Here an extensive data preparation pipeline is been constructed. It includes several converters for binary, category, numeric, and feature-engineered columns. The median is used to impute missing values for numerical columns, and StandardScaler is then used to scale the numbers. One-hot encoding is used in categorical columns, which have missing values filled in with "unknown." For imputation, binary columns utilize the value that occurs most frequently. A user-defined function called "new_col" is integrated into a custom pipeline called "my_new_column," which also scales the output. Utilizing ColumnTransformer, the last "preprocessor" integrates all transformers and correctly handles different kinds of columns.

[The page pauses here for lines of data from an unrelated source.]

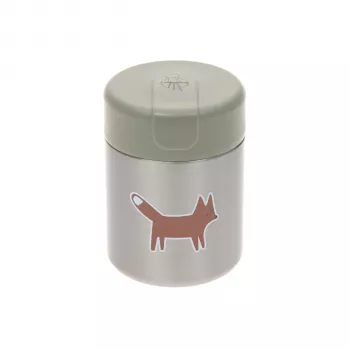 Lassig Thermobehälter Food Jar Little Forest Fuchs, 315 ml, doppelwandiger Edelstahl, auslaufsicher, grün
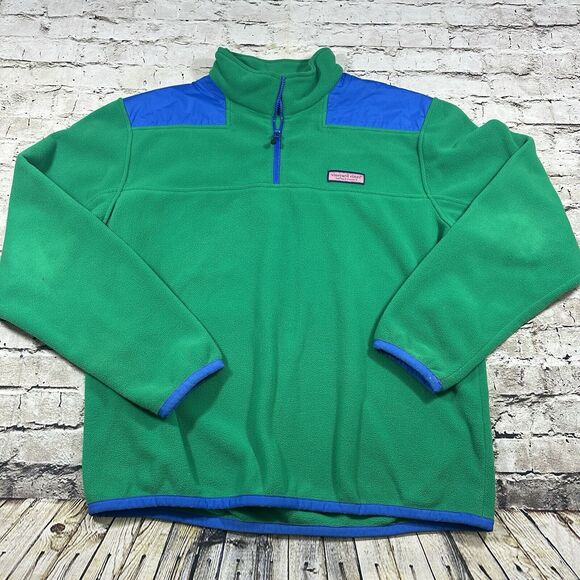 Vineyard Vines Jacket Men’s Large Green/Blue Fleece 1/4 Zip‎ Pullover Casual - Picture 1 of 9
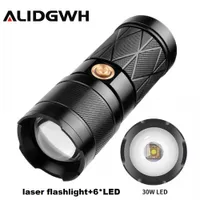 Alidgwh LED Torch Lighting XHP90 Potente linterna 1800LM USB Recargable Linterna de linterna táctica para viajes autónomos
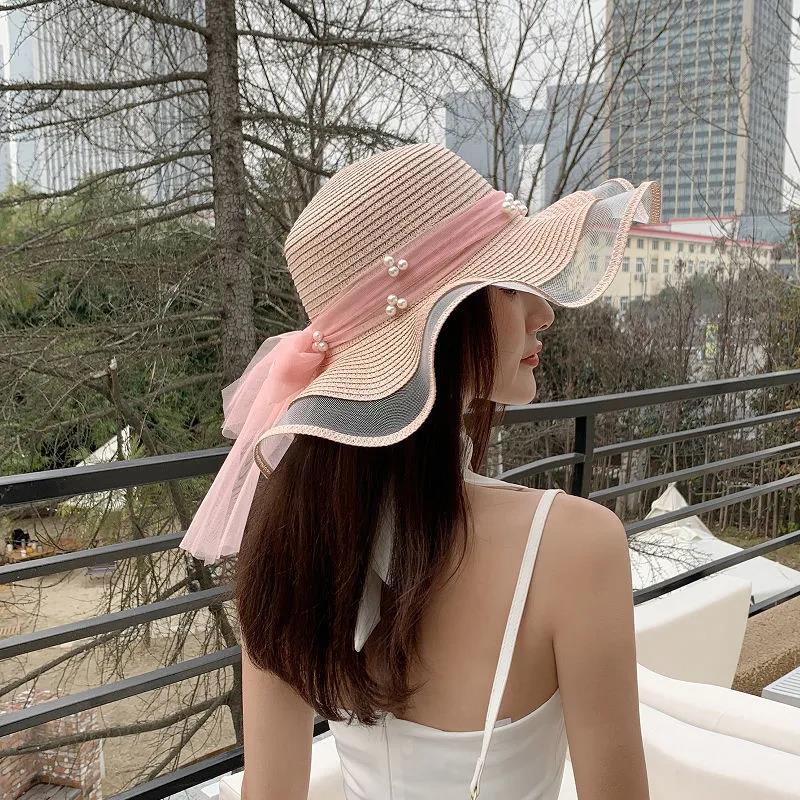 Straw Hat Women's Seaside Beach Hat Summer Temperament All-match Fashion Sun Hat Sunscreen Anti-ultraviolet Sun Hat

# Transform: fit_transform() for TRAIN

In [136]:
#Fit and transform the train data
train_x = preprocessor.fit_transform(train_inputs)

train_x

array([[-1.65957673,  0.77436888,  0.34734527, ...,  1.        ,
         0.        , -1.09509054],
       [-0.47299662,  0.43624006, -0.00888708, ...,  0.        ,
         1.        , -1.09509054],
       [ 1.88767327, -0.57814643, -0.00888708, ...,  1.        ,
         0.        ,  0.91316651],
       ...,
       [ 1.20070584,  0.09811123,  0.70357761, ...,  1.        ,
         0.        ,  0.91316651],
       [ 0.35136429,  1.11249771, -0.36511942, ...,  1.        ,
         1.        ,  0.91316651],
       [ 0.12653859, -0.35272721, -1.43381644, ...,  0.        ,
         0.        ,  0.91316651]])

In [137]:
train_x.shape

(115523, 14)

# Tranform: transform() for TEST

In [138]:
# Transform the test data
test_x = preprocessor.transform(test_inputs)

test_x

array([[ 1.7627701 , -0.80356565,  1.05980995, ...,  1.        ,
         0.        ,  0.91316651],
       [-0.34809345, -1.3671137 ,  0.34734527, ...,  1.        ,
         0.        , -1.09509054],
       [-1.14747373,  0.09811123,  0.70357761, ...,  1.        ,
         0.        , -1.09509054],
       ...,
       [-0.18571933, -1.3671137 ,  0.34734527, ...,  1.        ,
         0.        , -1.09509054],
       [ 1.21319616,  0.21082084,  0.34734527, ...,  1.        ,
         0.        ,  0.91316651],
       [ 0.26393207,  0.66165927,  1.41604229, ...,  1.        ,
         0.        ,  0.91316651]])

In [139]:
test_x.shape

(49511, 14)

# Baseline

In [140]:
from sklearn.dummy import DummyClassifier

dummy_clf = DummyClassifier(strategy="most_frequent")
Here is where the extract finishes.